▸ ASSIGNMENT: Once you find the line with "ARTXLXXBN Famous Art" in the entries below, print it and each line after it up to and including the line with "Utěrka Ib Laursen", exactly, without pictures.

[Opening ENTRIES PROVIDED section]

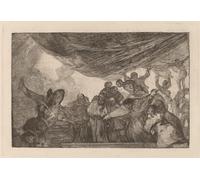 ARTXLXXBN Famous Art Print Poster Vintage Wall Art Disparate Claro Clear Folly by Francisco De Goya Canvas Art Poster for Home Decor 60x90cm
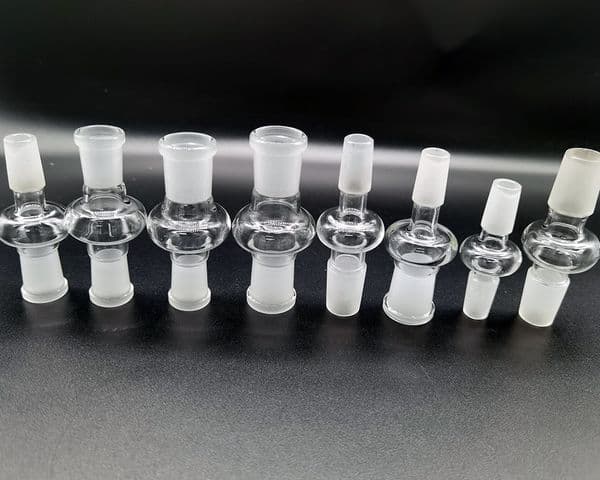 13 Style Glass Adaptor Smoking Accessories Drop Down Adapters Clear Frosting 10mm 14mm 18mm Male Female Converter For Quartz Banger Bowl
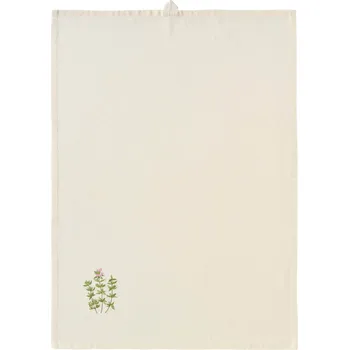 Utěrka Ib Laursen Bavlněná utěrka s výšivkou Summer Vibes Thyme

[Closing ENTRIES PROVIDED section]
[Opening ENTRIES PROVIDED section]

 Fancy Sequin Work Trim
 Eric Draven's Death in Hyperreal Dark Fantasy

[Closing ENTRIES PROVIDED section]
[Opening ENTRIES PROVIDED section]

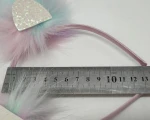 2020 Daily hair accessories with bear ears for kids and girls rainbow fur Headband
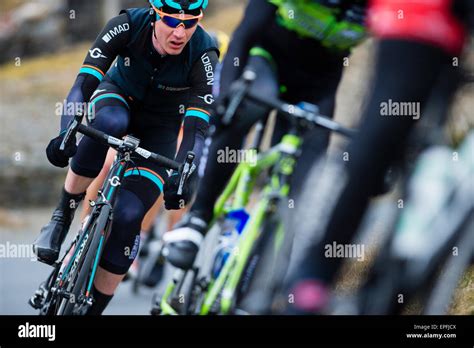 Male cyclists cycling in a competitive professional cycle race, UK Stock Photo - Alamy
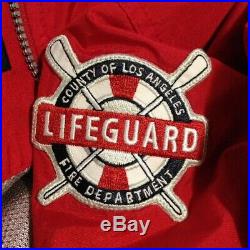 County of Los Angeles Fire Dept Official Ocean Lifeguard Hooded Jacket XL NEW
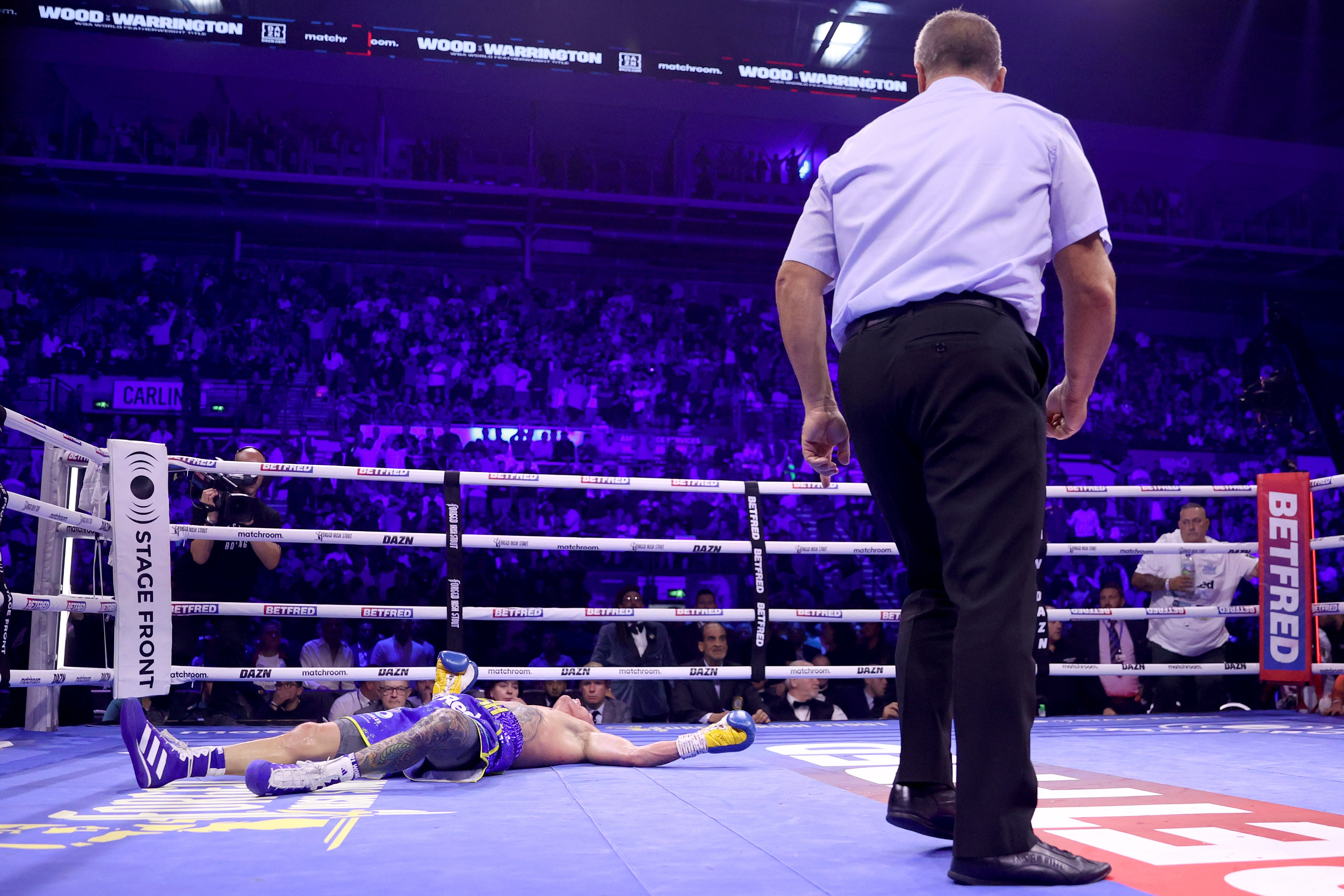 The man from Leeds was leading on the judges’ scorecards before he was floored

[Closing ENTRIES PROVIDED section]

▸ EXERCISE ANSWER:
 ARTXLXXBN Famous Art Print Poster Vintage Wall Art Disparate Claro Clear Folly by Francisco De Goya Canvas Art Poster for Home Decor 60x90cm
 13 Style Glass Adaptor Smoking Accessories Drop Down Adapters Clear Frosting 10mm 14mm 18mm Male Female Converter For Quartz Banger Bowl
 Utěrka Ib Laursen Bavlněná utěrka s výšivkou Summer Vibes Thyme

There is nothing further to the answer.